La Marceau

Sophie Marceau et Suzanne Clément dans une scène de «La taularde»
Photo: Axia Films Sophie Marceau et Suzanne Clément dans une scène de «La taularde»

Peu importe son âge, son sexe ou sa classe sociale, se retrouver derrière les barreaux a toutes les allures d’une tragédie : les règles imposées entre ces murs n’ont souvent rien à voir avec celles du monde extérieur. Cet univers clos, étouffant, fascine depuis longtemps, et il faut parfois des trésors d’imagination pour renouveler ce qui ressemble à un genre en soi, quitte à y injecter une bonne dose de magie (The Shawshank Redemption), ou de génie (Un prophète).

Dans La taularde, la cinéaste Audrey Estrougo (Une histoire banale, Toi, moi, les autres) affiche un parti pris en apparence réaliste, s’installant dans une prison désaffectée de Bretagne surnommée autrefois Jacques-Cartier (placer le nom de l’explorateur sur la marquise d’un pénitencier, quelle ironie), et avec de fabuleuses actrices. Au centre de cet aréopage domine sans partage Sophie Marceau, déterminée à égratigner, un peu, son image de star, au service d’un personnage au passé bon chic bon genre, celui d’une professeure de lettres.

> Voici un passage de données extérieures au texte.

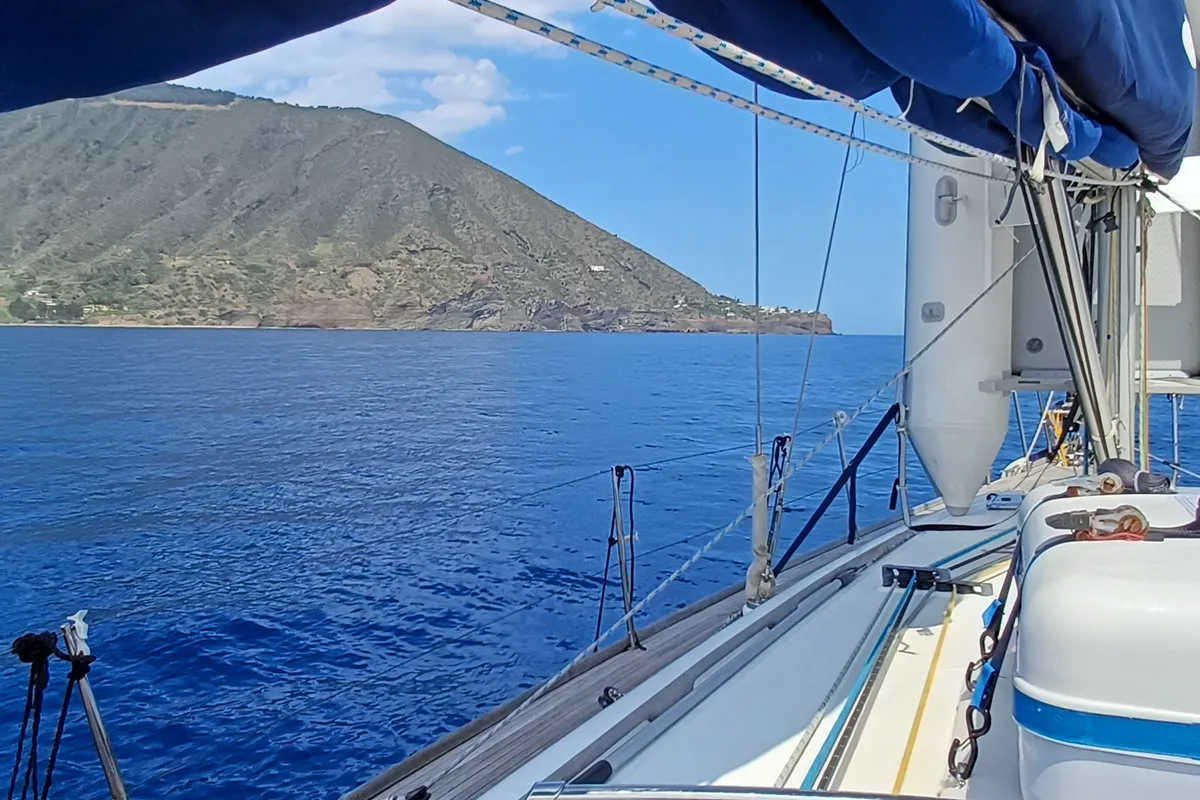 Cabin 2, a Dufour Dufour 40 sailboat at Capo d'Orlando, Italy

Ce passé, cette vie confortable, on l’imagine, car les grilles se referment d’emblée sur cette femme, Mathilde Leroy, tout comme pour la caméra : les échappées seront inexistantes. C’est ainsi que l’on raconte, par bribes de dialogues ici et là, les raisons de sa présence en ces lieux, elle qui a contribué à l’évasion de son conjoint, ancien braqueur de banques considéré par certains comme un « Robin des bois ». Mathilde préfère se taire plutôt que de trahir celui qu’elle aime, ce qui en fait une détenue sous haute surveillance, car l’homme est toujours en cavale.

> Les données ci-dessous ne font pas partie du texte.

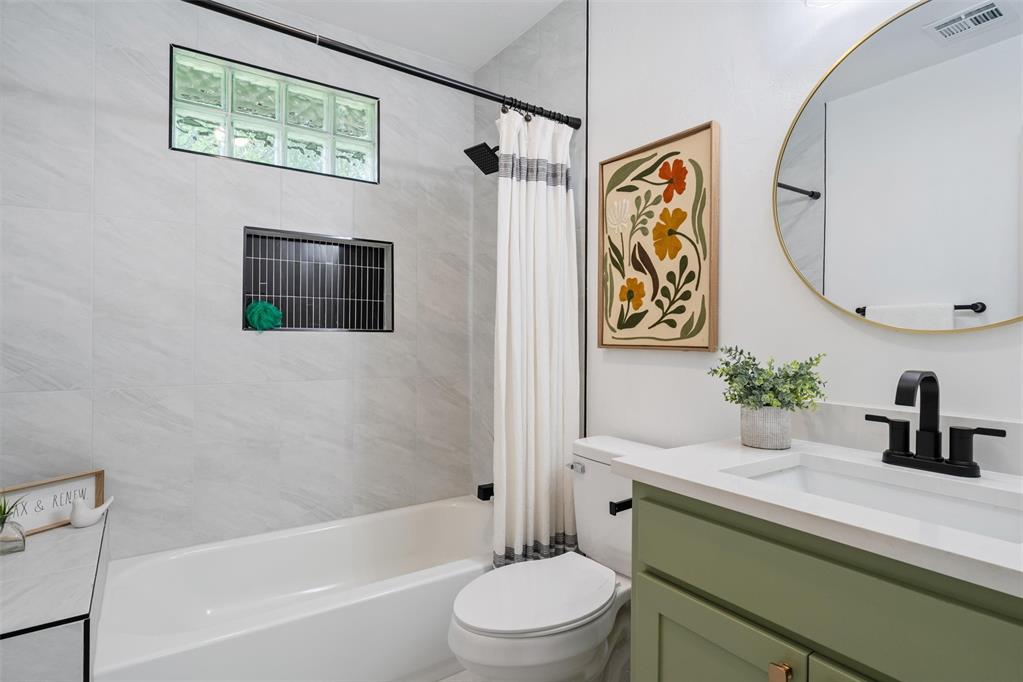 2800 NW 43rd Street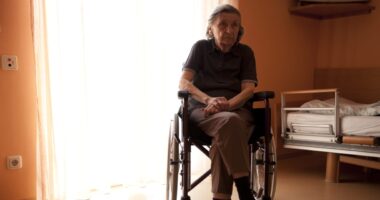How to make the move to a care facility less traumatic for an aging loved one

Or, c’est surtout son quotidien harassant, survolté, malsain, qui intéresse Audrey Estrougo, alignant les scènes d’affrontements, parfois silencieux, parfois assourdissants, entre ces figures féminines portant chacune un signe distinctif (accent, âge, couleur de peau) pour les départager. Il y a d’ailleurs là bon nombre de similitudes avec cette soi-disant réalité carcérale habilement tissée par tant de films et de séries télévisées (la comparaison avec Unité 9 s’avère inévitable), nous donnant ainsi l’illusion de la connaître.

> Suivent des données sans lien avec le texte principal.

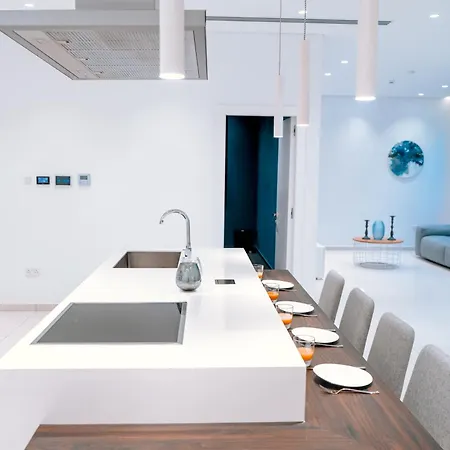 Vivo Mare Beachfornt - Azure Villa *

Pourtant, La taularde, c’est surtout l’histoire d’un emprisonnement cinématographique, celui d’une star qui accapare constamment l’écran, laissant la part congrue à ses partenaires, quand elles ne sont pas reléguées au hors-champ. Camarades d’infortune, Suzanne Clément, Anne Le Ny et Marie-Sohna Condé, pour n’en citer que trois, se font ici bonnes joueuses, toutes unies pour former une haie d’honneur à Marceau, moins proprette qu’à l’habitude, mais beaucoup moins portée à l’abandon qu’au temps de Andrzej Zulawski (L’amour braque) ou Maurice Pialat (Police). À l’époque de ces tournages devenus aussi célèbres que les films qu’ils ont engendrés, la vedette de La boum et de LOL avait vraiment l’air d’une taularde. Et ne l’a sûrement pas oublié.

V.O. : Beaubien.

La taularde

★★ 1/2

France, 2015, 99 minutes. Drame social d’Audrey Estrougo. Avec Sophie Marceau, Anne Le Ny, Marie-Sohna Condé, Suzanne Clément.